Copy out the data below from the line containing "How To Fry Fish" to the line containing "91家纺网 家纺一手货源 找家纺", both lines included, with all images left out.

Extracted material below:

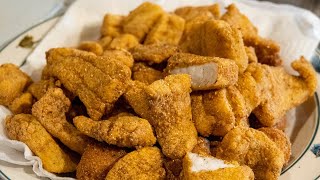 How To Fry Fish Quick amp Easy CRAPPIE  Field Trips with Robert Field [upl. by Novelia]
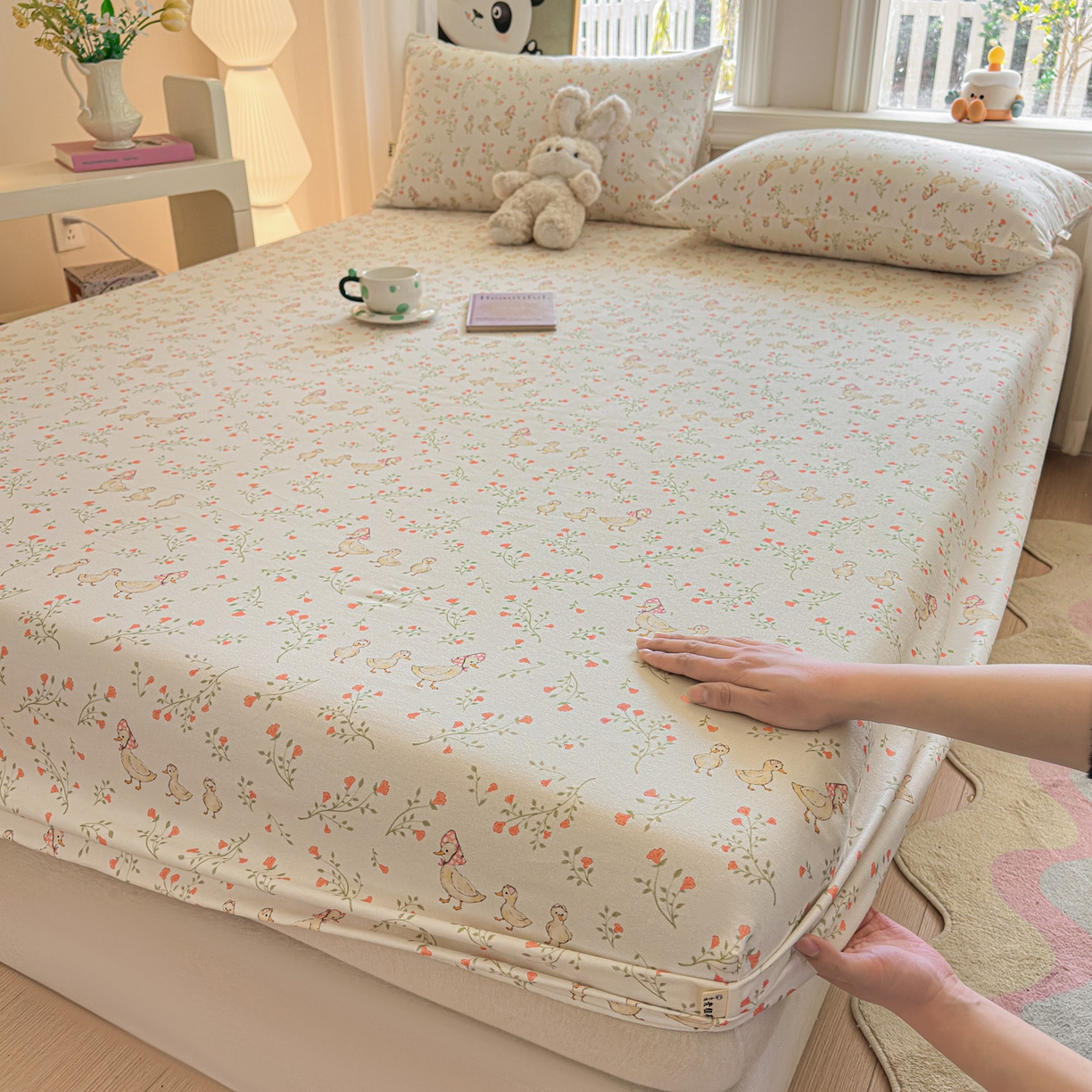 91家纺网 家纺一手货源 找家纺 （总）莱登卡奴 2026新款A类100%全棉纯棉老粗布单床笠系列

End of Extracted material.
Extracted material below:

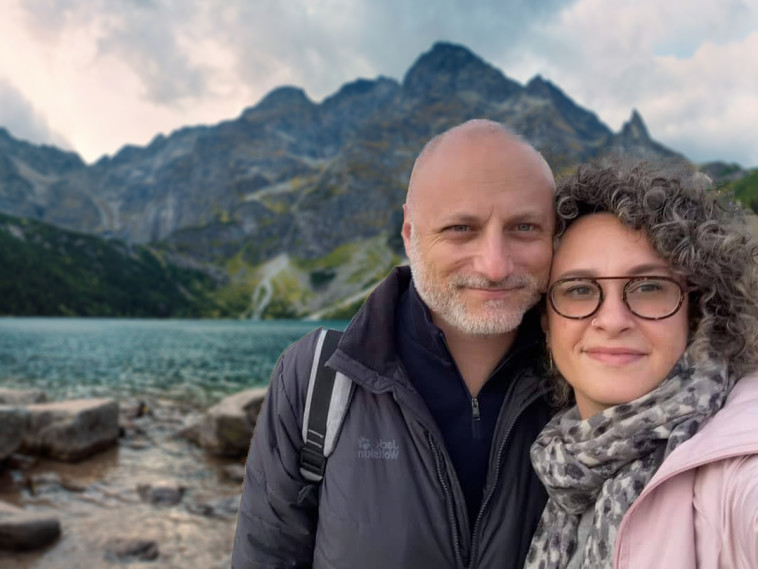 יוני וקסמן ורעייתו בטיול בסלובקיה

End of Extracted material.

Response to the task:
 How To Fry Fish Quick amp Easy CRAPPIE  Field Trips with Robert Field [upl. by Novelia]
 91家纺网 家纺一手货源 找家纺 （总）莱登卡奴 2026新款A类100%全棉纯棉老粗布单床笠系列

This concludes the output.